Across the province, long-term care (LTC) and retirement homes are struggling to meet staffing needs. A shortage of skilled workers is making it increasingly difficult for LTC homes to meet legislative requirements and continue to deliver quality care and services to their residents.
Canada’s rapidly aging population complicates this issue, as LTC homes must attract and recruit additional team members to prepare for the expected increase in residents. There is a lack of awareness about the opportunities that exist in LTC, which can make it difficult to generate interest in these careers. Other influential factors include ageism and negative perceptions of LTC.

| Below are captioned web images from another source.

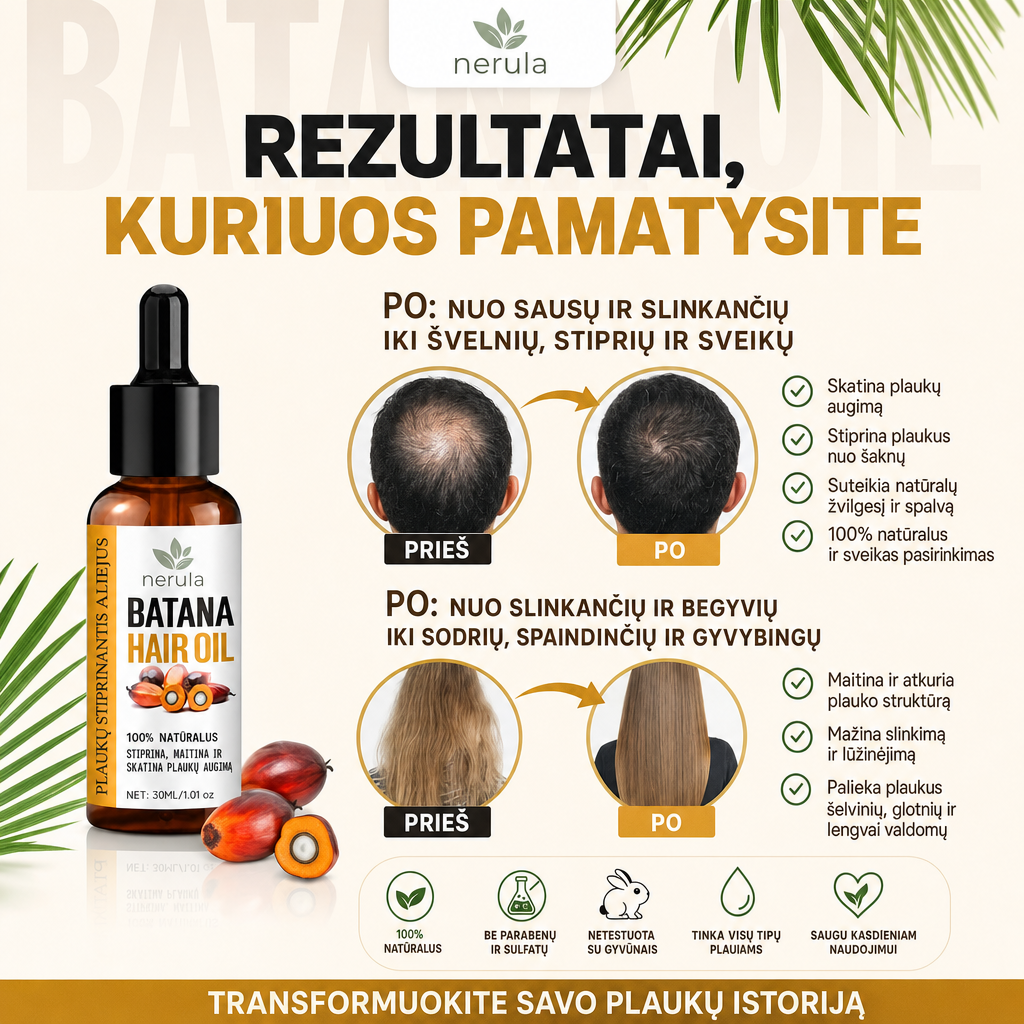 Plaukai Retėja Ir Tai Jau Matosi?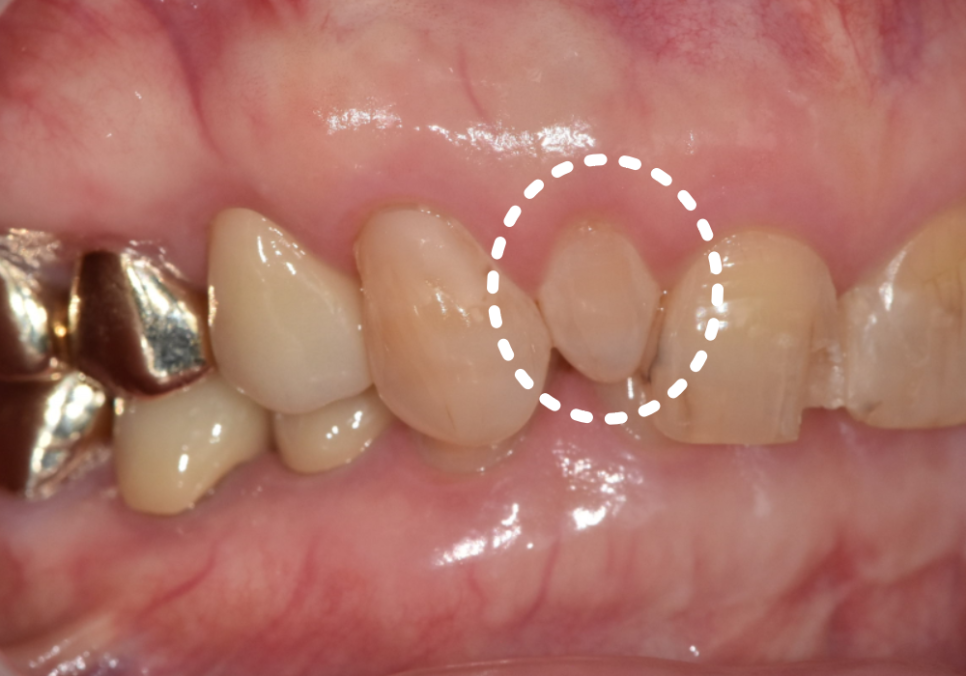 무삭제 라미네이트 적응증, 당신이 미처 몰랐던 시술의 조건을 공개합니다. 관련 이미지 4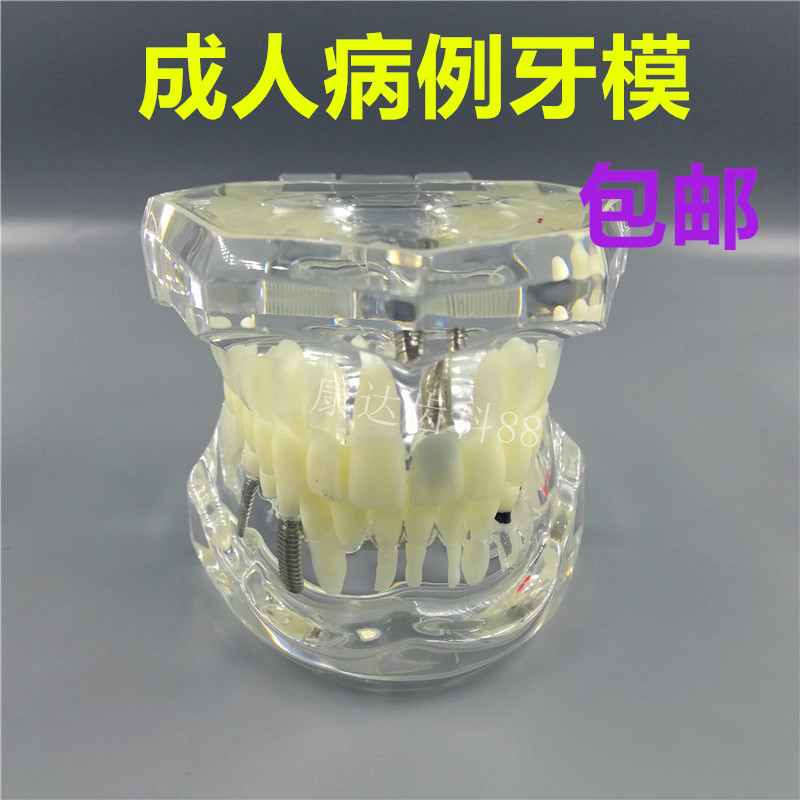 口腔模型 标准牙模 牙科 标准病理病例演示 种植牙讲解 齿科材料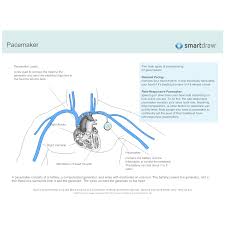 Pacemaker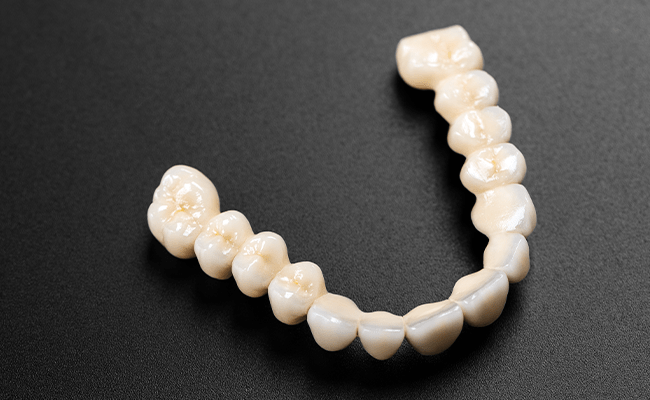 セラミック矯正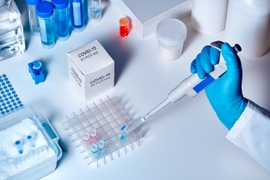 Production of Domestic PCR Tests for COVID-19 Starts in Azerbaijan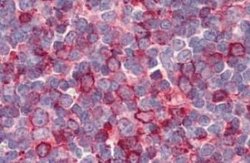 GPR26 Antibody, Novus Biologicals 50 &mu;g; Unconjugated:Antibodies, Polyclonal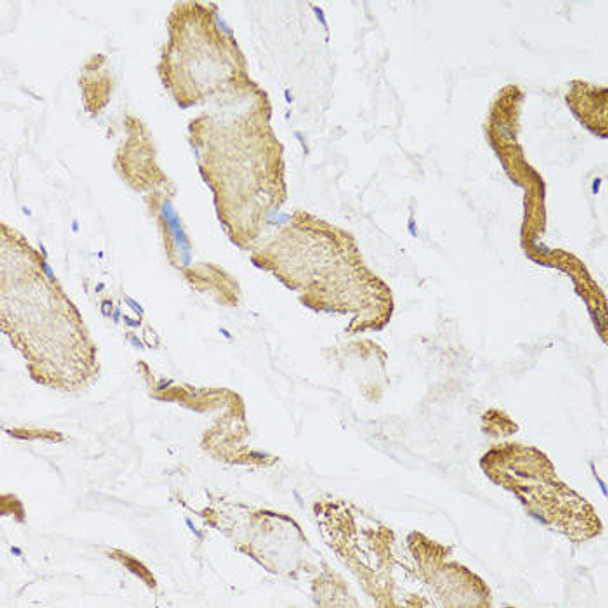 Cell Biology Antibodies 11 Anti-CKMT2 Antibody CAB8088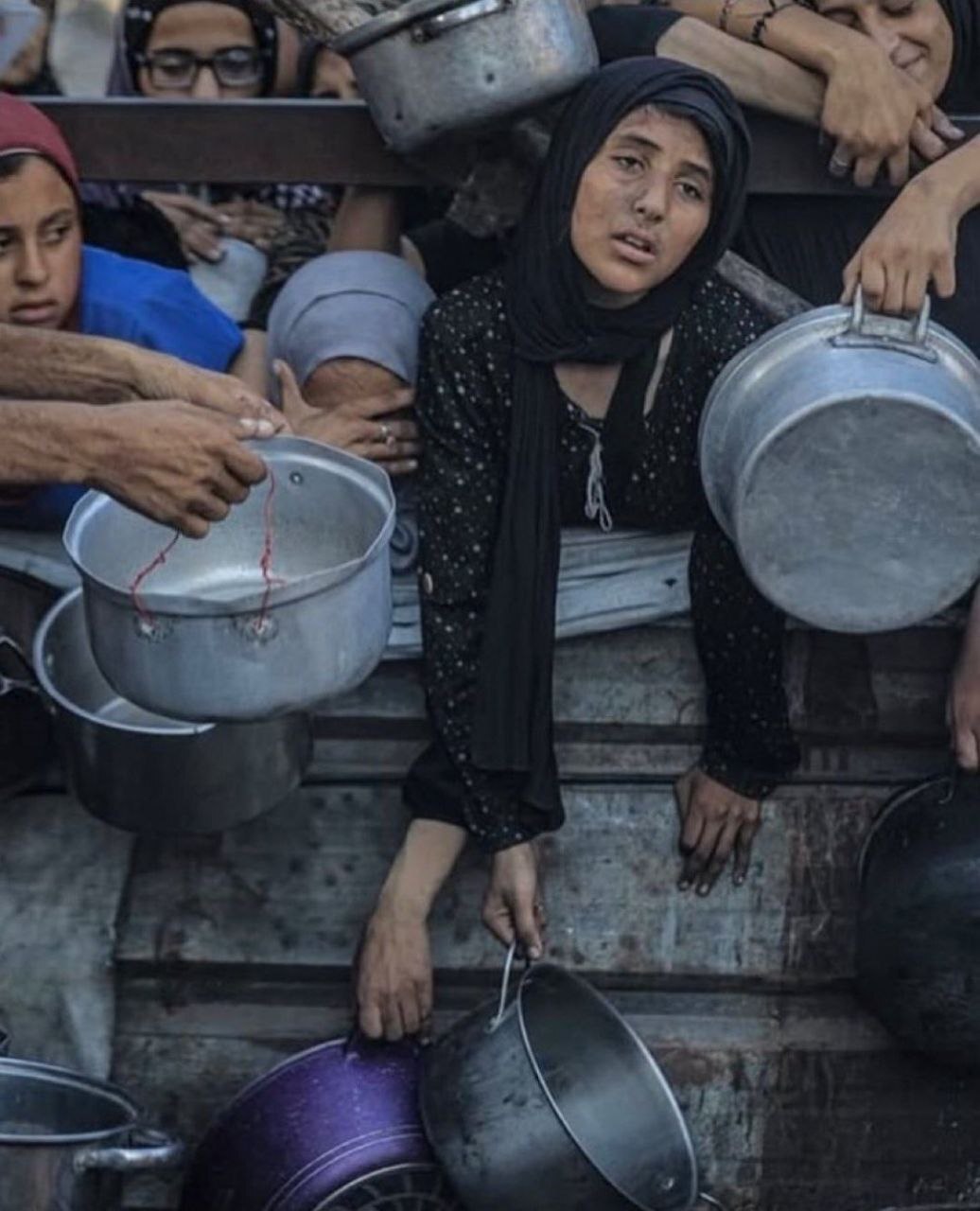 صحنه‌های دلخراش گرسنگی در نوار غزه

Creating opportunities for students to learn about the many career opportunities that exist within LTC and retirement homes will contribute to the continued growth of this workforce. Ontario secondary schools offer co-operative education (co-op) and volunteer opportunities, and schools are regularly seeking meaningful positions for their students.
By forming structured partnerships, secondary schools and LTC operators can work together to:
- offer students a variety of experiential learning opportunities based on their skills and interests;
- help students engage in career planning at an earlier stage;
- promote LTC as a viable career destination; and
- use students’ positive experiences to reduce negative perceptions and combat ageism.